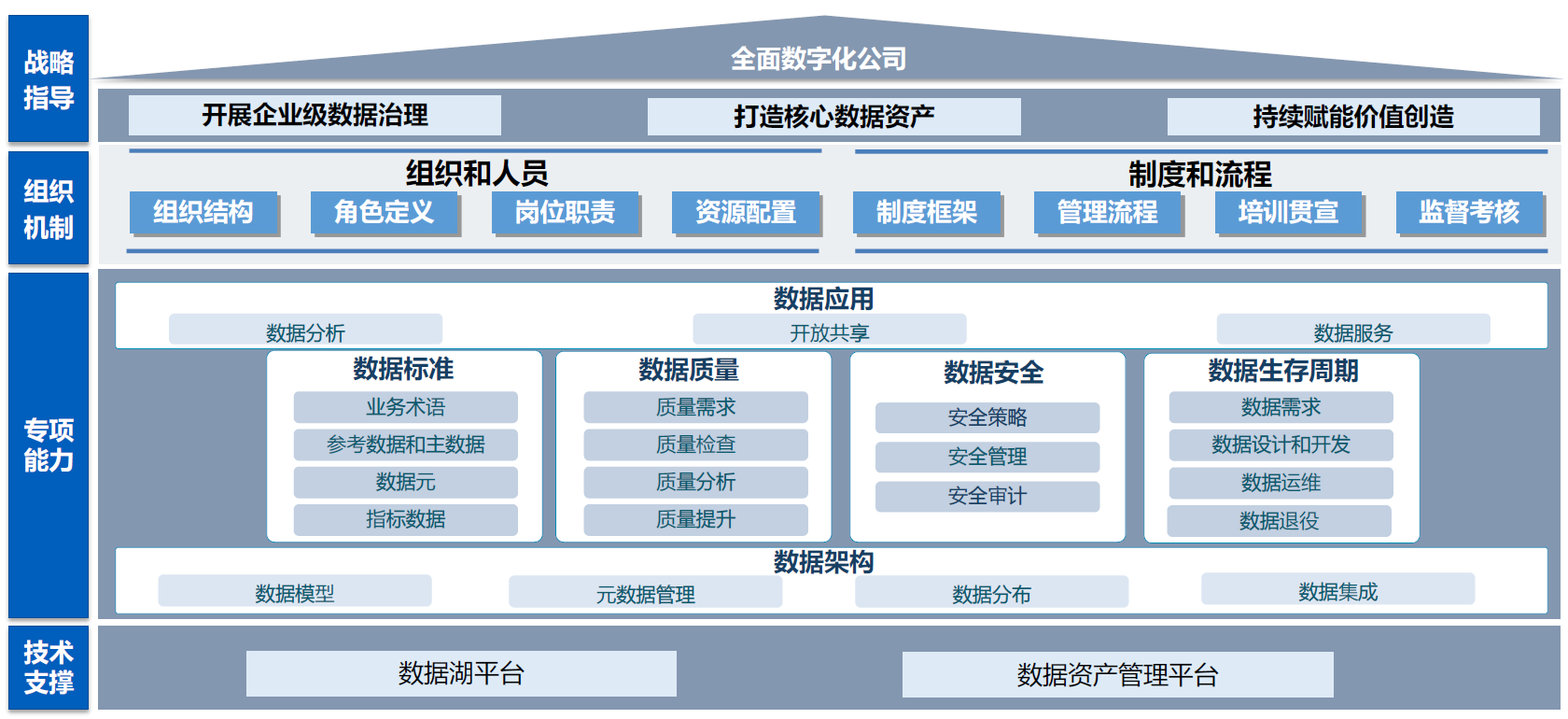 K8·凯发(中国区)官方网站_项目9506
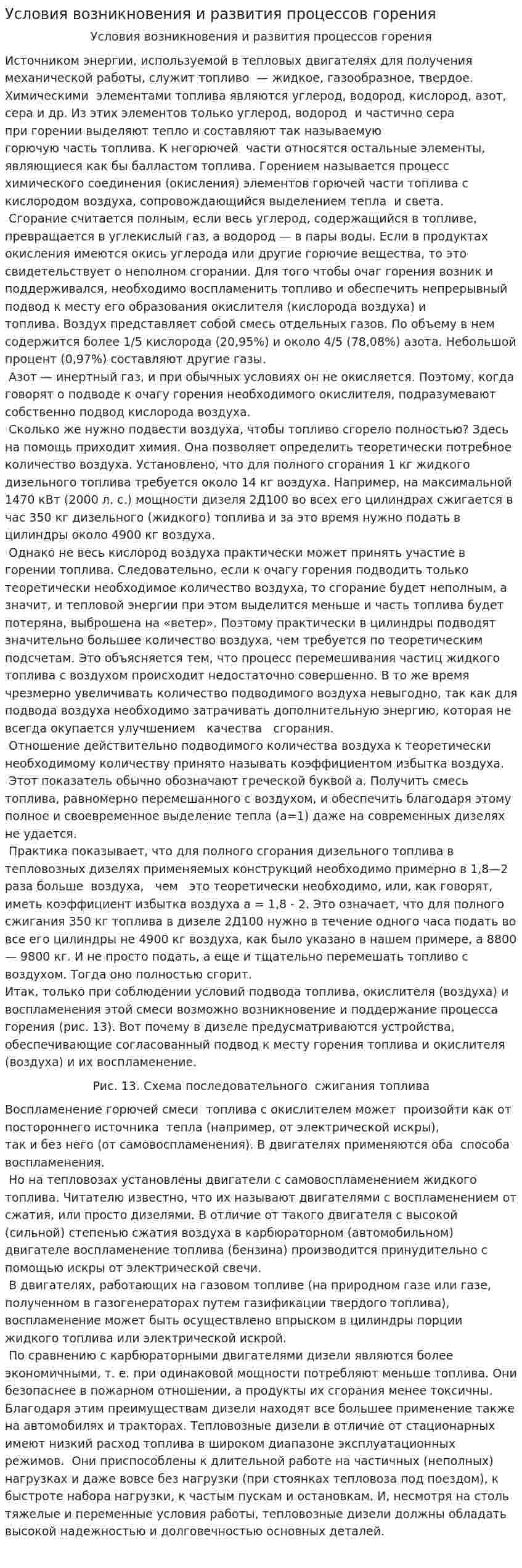 Условия возникновения и развития процессов горения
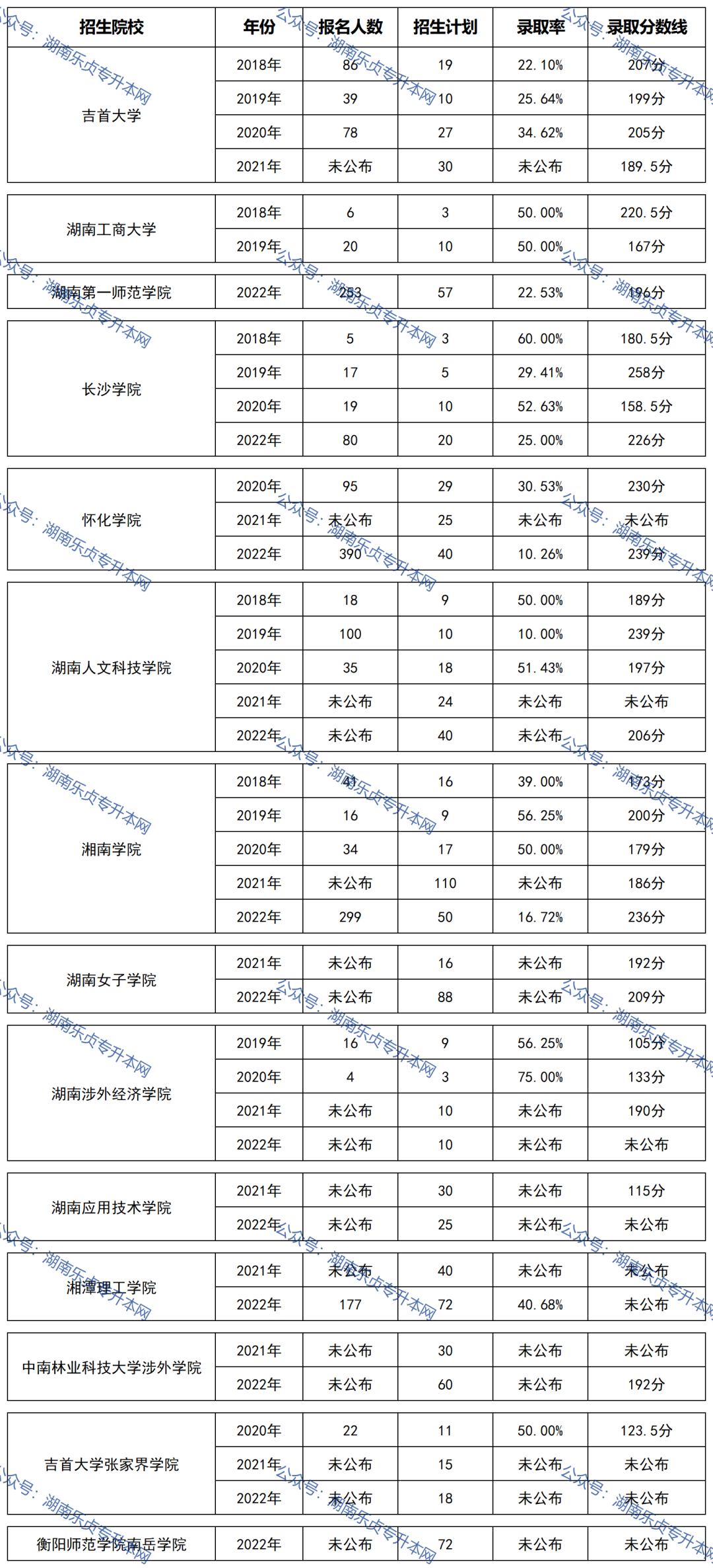 湖南統(tǒng)招專升本歷年分?jǐn)?shù)線及錄取情況（六）(圖1)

• Exercise requirements:
Copy the data exactly. Pictures do not belong in the copy.

• Finished task:
 K8·凯发(中国区)官方网站_项目9506
 Условия возникновения и развития процессов горения
 湖南統(tǒng)招專升本歷年分?jǐn)?shù)線及錄取情況（六）(圖1)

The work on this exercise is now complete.